The journey home was uneventful. Whoever had been following us at the Stadium of Lentus was no longer here – or, if they were, they were more talented in their methods of surveillance, and
they were lost in the thinning crowds. Only gentle streams of people accompanied us home, drunk on the pleasures of the races, calling out the chants from the day and wrapping themselves or each
other in the various coloured banners.

The evening was as pleasant as I could have hoped for. The house was busy with three men from the Civil Cohorts, who were settling in to their new, hastily set up offices, and Bellona seemed to
have developed a new-found confidence, ordering them about the place, telling them where they could and could not put their little crates of ledgers.

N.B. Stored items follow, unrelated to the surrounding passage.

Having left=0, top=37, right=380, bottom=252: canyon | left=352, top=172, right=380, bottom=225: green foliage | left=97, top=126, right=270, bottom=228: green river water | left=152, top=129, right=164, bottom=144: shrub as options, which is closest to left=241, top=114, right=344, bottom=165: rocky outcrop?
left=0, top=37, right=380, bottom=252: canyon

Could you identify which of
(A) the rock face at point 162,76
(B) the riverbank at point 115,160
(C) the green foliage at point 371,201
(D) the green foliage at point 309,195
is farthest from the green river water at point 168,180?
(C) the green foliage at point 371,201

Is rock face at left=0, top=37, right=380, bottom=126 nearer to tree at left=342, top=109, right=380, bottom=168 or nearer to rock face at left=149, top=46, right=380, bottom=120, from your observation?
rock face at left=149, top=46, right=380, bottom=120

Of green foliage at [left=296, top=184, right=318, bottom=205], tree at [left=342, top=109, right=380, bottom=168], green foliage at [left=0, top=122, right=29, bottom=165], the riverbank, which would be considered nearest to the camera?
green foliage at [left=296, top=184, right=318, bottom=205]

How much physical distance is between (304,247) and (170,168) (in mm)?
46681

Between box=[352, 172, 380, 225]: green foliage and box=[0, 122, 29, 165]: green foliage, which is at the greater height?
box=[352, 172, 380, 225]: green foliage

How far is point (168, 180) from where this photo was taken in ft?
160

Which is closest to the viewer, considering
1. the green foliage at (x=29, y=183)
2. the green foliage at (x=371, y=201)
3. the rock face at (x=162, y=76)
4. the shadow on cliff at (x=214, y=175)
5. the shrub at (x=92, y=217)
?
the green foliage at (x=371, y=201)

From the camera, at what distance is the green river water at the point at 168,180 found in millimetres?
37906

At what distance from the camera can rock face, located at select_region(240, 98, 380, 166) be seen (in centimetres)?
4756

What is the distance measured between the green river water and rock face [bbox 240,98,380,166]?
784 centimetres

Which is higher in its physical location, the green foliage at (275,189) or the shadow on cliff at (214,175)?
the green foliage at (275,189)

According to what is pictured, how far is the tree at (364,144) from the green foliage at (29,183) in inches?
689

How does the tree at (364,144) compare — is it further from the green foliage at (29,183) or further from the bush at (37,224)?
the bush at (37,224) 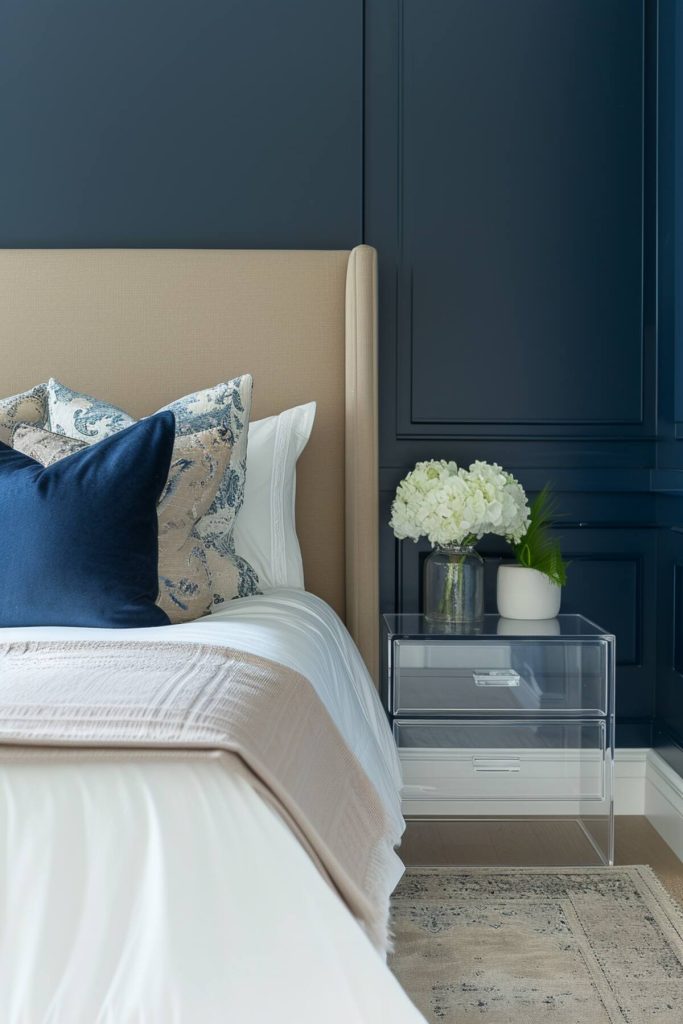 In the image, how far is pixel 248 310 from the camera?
7.92 ft

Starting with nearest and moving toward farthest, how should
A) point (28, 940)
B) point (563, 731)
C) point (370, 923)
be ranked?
point (28, 940), point (370, 923), point (563, 731)

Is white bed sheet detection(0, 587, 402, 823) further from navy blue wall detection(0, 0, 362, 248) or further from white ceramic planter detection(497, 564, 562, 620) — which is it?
navy blue wall detection(0, 0, 362, 248)

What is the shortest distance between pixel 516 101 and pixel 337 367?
883 millimetres

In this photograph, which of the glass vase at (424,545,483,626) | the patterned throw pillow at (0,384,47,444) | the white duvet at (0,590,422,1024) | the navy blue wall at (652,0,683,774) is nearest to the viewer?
the white duvet at (0,590,422,1024)

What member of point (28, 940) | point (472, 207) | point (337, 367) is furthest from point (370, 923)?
point (472, 207)

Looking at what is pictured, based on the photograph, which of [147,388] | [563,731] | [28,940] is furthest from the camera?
[147,388]

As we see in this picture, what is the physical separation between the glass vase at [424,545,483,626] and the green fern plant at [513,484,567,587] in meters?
0.15

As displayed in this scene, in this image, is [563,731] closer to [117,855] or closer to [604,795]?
[604,795]

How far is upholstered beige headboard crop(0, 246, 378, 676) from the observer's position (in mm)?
2404

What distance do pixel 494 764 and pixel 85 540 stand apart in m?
1.10

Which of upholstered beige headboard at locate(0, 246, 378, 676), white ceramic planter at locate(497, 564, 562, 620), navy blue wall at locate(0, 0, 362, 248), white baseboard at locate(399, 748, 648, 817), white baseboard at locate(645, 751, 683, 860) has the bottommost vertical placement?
white baseboard at locate(645, 751, 683, 860)

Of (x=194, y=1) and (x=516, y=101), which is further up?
(x=194, y=1)

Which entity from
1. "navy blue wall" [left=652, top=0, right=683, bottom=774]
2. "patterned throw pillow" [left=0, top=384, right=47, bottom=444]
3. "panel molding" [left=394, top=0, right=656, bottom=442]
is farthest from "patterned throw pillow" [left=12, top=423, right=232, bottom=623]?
"navy blue wall" [left=652, top=0, right=683, bottom=774]

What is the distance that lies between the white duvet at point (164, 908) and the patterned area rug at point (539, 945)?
29.4 inches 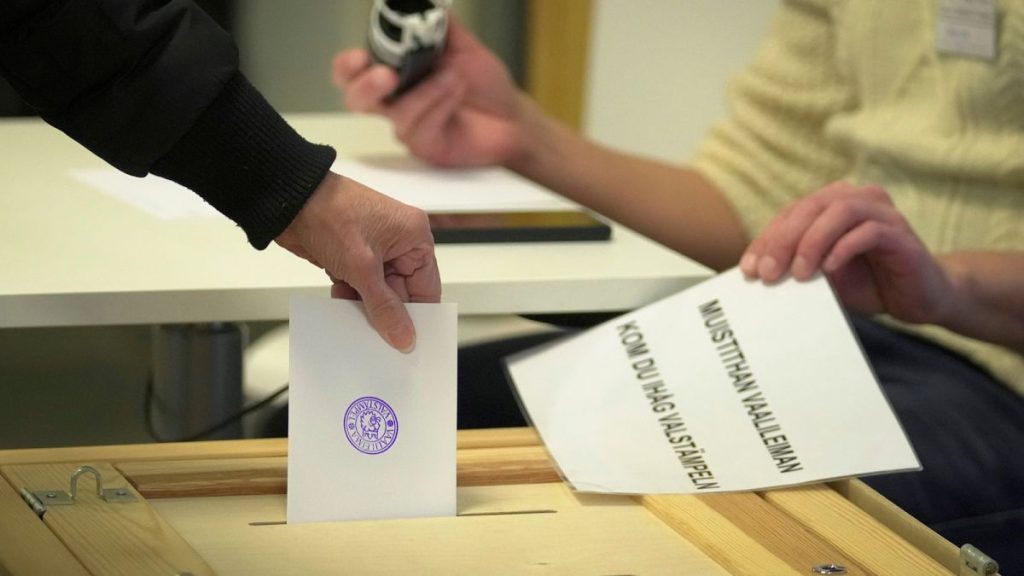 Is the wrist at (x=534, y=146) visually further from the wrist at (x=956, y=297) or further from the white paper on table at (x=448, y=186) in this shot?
the wrist at (x=956, y=297)

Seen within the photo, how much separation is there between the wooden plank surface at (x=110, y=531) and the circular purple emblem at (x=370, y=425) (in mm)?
123

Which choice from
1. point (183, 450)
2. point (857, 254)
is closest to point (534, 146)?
point (857, 254)

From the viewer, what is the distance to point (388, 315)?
0.80 meters

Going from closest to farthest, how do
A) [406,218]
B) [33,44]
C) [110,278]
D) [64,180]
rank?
[33,44], [406,218], [110,278], [64,180]

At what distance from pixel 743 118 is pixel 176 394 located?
2.40 ft

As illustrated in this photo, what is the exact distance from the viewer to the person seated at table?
106cm

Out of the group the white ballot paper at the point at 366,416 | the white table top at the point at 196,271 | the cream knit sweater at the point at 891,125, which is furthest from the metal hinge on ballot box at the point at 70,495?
the cream knit sweater at the point at 891,125

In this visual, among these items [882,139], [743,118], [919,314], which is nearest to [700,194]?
[743,118]

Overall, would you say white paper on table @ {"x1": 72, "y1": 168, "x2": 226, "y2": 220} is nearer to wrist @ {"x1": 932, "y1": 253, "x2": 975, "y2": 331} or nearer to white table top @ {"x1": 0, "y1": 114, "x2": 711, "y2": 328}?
white table top @ {"x1": 0, "y1": 114, "x2": 711, "y2": 328}

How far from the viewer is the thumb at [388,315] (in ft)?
2.63

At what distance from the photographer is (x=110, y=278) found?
1029 mm

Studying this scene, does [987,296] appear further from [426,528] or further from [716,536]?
[426,528]

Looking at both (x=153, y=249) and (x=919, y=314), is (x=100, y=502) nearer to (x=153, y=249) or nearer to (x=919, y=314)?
(x=153, y=249)

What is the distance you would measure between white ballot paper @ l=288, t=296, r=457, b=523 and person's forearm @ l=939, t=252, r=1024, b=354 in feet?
1.78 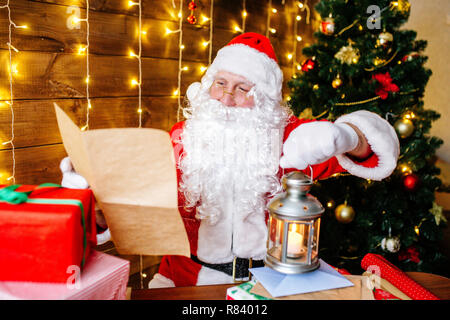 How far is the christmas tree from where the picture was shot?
72.7 inches

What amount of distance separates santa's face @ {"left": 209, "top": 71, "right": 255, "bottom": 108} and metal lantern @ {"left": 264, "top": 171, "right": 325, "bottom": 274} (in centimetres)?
68

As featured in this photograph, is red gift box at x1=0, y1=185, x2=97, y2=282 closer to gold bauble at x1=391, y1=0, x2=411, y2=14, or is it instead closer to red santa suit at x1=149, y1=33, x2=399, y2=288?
red santa suit at x1=149, y1=33, x2=399, y2=288

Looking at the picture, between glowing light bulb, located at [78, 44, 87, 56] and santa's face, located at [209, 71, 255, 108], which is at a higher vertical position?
glowing light bulb, located at [78, 44, 87, 56]

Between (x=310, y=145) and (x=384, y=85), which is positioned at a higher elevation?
(x=384, y=85)

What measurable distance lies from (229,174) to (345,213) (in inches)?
40.0

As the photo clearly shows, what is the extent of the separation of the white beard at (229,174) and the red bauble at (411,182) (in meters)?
1.00

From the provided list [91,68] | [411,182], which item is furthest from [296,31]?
[91,68]

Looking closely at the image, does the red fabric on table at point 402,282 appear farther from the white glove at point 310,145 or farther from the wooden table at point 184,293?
the white glove at point 310,145

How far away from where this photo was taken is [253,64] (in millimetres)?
1397

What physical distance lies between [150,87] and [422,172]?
1.68 meters

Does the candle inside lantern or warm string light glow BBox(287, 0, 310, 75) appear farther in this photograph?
warm string light glow BBox(287, 0, 310, 75)

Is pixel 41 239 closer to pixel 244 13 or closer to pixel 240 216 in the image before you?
pixel 240 216

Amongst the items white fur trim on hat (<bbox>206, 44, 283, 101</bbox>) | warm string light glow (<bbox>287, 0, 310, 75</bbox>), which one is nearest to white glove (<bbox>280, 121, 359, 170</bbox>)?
white fur trim on hat (<bbox>206, 44, 283, 101</bbox>) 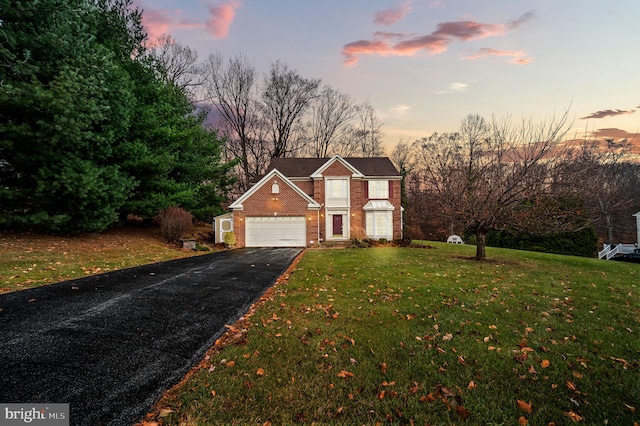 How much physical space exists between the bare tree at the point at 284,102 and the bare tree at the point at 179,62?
7.70 meters

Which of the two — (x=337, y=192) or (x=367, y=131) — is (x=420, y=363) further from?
(x=367, y=131)

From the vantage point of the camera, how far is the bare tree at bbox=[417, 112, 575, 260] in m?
11.2

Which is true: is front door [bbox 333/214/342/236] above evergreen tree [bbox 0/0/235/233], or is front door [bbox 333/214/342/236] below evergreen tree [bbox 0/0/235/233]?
below

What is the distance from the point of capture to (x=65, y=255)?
10.6 meters

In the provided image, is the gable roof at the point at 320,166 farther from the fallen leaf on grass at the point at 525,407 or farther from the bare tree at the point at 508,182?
the fallen leaf on grass at the point at 525,407

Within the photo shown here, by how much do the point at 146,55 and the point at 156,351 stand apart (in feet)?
78.6

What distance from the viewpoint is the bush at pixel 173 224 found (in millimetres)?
16969

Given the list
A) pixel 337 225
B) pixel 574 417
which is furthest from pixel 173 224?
Answer: pixel 574 417

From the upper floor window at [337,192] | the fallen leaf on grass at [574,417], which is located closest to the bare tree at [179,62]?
the upper floor window at [337,192]

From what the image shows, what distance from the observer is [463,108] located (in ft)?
66.1

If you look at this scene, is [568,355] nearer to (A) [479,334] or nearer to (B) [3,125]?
(A) [479,334]

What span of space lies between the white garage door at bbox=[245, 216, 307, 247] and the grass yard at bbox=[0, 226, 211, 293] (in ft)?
17.0

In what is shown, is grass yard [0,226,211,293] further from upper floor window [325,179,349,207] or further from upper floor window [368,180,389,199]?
upper floor window [368,180,389,199]

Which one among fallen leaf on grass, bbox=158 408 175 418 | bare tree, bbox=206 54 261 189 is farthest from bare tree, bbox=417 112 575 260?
bare tree, bbox=206 54 261 189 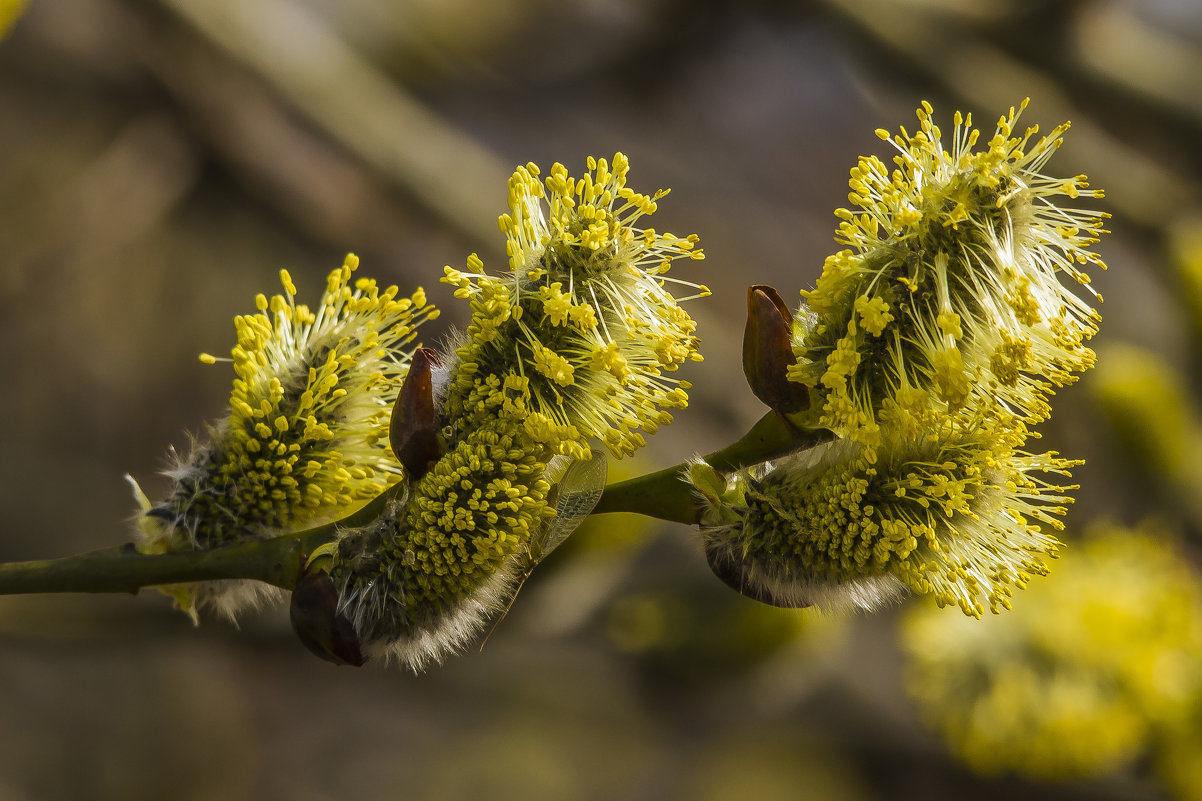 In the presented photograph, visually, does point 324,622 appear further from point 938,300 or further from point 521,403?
point 938,300

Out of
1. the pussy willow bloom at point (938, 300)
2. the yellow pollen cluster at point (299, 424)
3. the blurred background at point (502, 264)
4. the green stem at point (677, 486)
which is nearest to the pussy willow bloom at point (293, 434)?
the yellow pollen cluster at point (299, 424)

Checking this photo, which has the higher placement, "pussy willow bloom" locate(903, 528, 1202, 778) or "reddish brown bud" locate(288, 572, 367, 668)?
"pussy willow bloom" locate(903, 528, 1202, 778)

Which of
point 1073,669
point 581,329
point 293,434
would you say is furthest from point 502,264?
point 581,329

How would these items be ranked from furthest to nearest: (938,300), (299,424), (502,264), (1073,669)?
1. (502,264)
2. (1073,669)
3. (299,424)
4. (938,300)

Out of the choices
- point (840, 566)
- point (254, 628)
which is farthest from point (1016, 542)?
point (254, 628)

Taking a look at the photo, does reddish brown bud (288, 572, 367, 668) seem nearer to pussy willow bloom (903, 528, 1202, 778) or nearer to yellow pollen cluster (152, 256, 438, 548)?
yellow pollen cluster (152, 256, 438, 548)

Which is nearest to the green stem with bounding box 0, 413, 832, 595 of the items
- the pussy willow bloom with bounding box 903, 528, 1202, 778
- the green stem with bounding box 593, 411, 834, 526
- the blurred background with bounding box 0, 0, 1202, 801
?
the green stem with bounding box 593, 411, 834, 526

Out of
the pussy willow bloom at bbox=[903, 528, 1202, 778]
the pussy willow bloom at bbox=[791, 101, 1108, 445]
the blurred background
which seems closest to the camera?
the pussy willow bloom at bbox=[791, 101, 1108, 445]

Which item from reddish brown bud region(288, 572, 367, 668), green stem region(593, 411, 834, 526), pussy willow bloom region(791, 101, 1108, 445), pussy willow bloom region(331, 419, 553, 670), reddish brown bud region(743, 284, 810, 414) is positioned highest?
pussy willow bloom region(791, 101, 1108, 445) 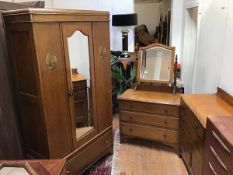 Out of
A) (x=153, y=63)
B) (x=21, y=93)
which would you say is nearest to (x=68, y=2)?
(x=153, y=63)

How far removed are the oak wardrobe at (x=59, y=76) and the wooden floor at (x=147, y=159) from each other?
0.46 meters

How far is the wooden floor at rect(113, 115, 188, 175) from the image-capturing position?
239 centimetres

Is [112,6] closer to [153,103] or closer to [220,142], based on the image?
[153,103]

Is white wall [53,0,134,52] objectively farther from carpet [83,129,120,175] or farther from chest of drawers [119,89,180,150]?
carpet [83,129,120,175]

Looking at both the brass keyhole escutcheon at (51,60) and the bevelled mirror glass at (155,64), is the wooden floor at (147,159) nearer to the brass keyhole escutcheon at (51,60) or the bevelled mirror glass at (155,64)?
the bevelled mirror glass at (155,64)

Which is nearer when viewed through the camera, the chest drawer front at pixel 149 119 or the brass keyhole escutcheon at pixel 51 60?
the brass keyhole escutcheon at pixel 51 60

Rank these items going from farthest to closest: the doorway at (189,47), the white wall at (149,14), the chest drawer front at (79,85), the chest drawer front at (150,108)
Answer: the white wall at (149,14) < the doorway at (189,47) < the chest drawer front at (150,108) < the chest drawer front at (79,85)

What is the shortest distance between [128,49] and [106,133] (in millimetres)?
2115

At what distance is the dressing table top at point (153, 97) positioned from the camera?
2605 millimetres

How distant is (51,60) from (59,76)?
16 cm

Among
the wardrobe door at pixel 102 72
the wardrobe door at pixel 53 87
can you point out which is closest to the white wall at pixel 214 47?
the wardrobe door at pixel 102 72

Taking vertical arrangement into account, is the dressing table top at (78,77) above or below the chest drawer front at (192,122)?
above

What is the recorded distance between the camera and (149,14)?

Only three of the men were ever permitted
inside at once, and late at night there would only be one man, who would remain a point of contact. Veron had also suggested constructing some kind of makeshift gaol nearby, and looked at the city
plans to find a suitable location. Though I was happy to share my house with the cohort, the idea of the place turning into a prison did not particularly appeal.

Much to my delight Titiana arrived a little later, wondering how the day had gone.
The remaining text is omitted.